Monday, March 10, 2008

Driving to Town Late to Mail a Letter

I really like this poem because of the imagery, and because I can relate to it. I admire how Robert Bly and paint so vivid a scene in peoples' minds with only five lines. Everyone has been out on a night like this. A night where "the only things moving are swirls of snow." Personally, I enjoy the stillness and solitude of these nights ("There is a privacy I love in this snowy night"). It takes the focus off of everyday life, making things that seemed so important look so trivial in comparison. It gives you one of those moments where you feel you are so alive, and that life is so worth living. You know if you can get to the next moment in life where you feel like that, you will be okay. It's something no circumstance or person can take away from you. And, like the narrator, I have "wasted" time (depending on if you consider the time spent a waste) driving or walking around, simply to prolong the moment.

Thursday, March 6, 2008

Shall I Compare Thee to a Summer's Day?

One question for Howard Moss...why?

It seems like he knew he couldn't improve on the elegance of Shakespeare's language, so he decided to make it as unpoetic as possible. Yes, comparison to a day in summer is a unique idea in the subject of love poems, and a very good one at that. But the idea of it alone doesn't make good poetry. Moss' language is so plain and common that it makes it almost painful to read, especially having read the original version right before it.
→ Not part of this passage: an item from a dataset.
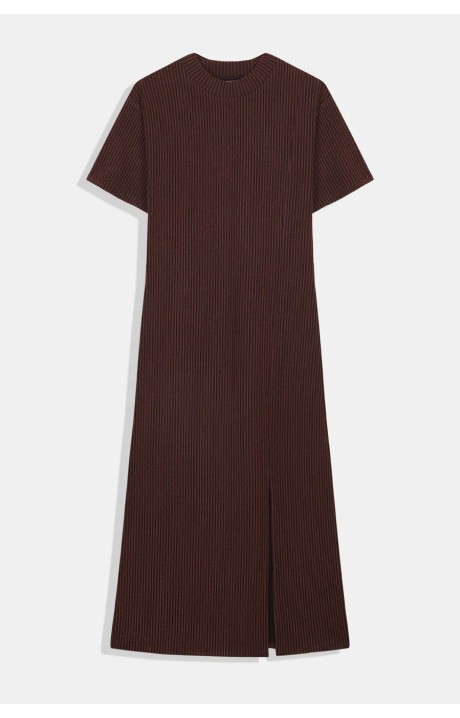 VESTIDO CLAIRE DRESS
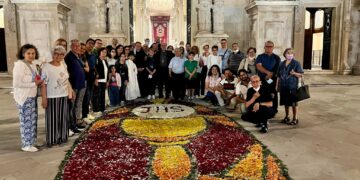 Natività di San Giovanni Battista a Ragusa: il programma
As for Shakespeare's original version, I love his use of language...especially the end:
"so long as men can breathe or eyes can see
so long lives this, and this gives life to thee"
He makes everyday concepts elegant.

Thursday, February 28, 2008

two in one!

I'm going to blog on two poems, because I can :]

from Peter Piper

I don't think I've ever read a "poem" or heard a rap that made me laugh harder than this one. I think it's hilarious that he's trying to come across as really tough and cool and better than all the other rappers, and at the same time he's comparing himself to fairy tale characters like Mother Goose, the little old lady who lived in a shoe, Pinocchio, Hansel and Gretel, and others. Yes, it's creative, but I don't think it fits in with the point he's trying to get across. It's easy to tell that this was written in the 80's (1986) because of the use of language, several of the phrases ("...not bad meaning bad but bad meaning good"), and how clean it is compared to most rap at the present. Although I did think it was a little creepy referring to himself as the "child educator." Overall, I still enjoyed this poem. Mainly cause it reminded me of the Fresh Prince of Bel-air for some reason.


Deathly

What I got from this poem is that the author wants to stay away from someone she just met because she doesn't want to fall in love with them when she knows that she won't really mean anything to them:

"Cause I'm just a problem
for you to solve and
watch dissolve in the heat of your charm.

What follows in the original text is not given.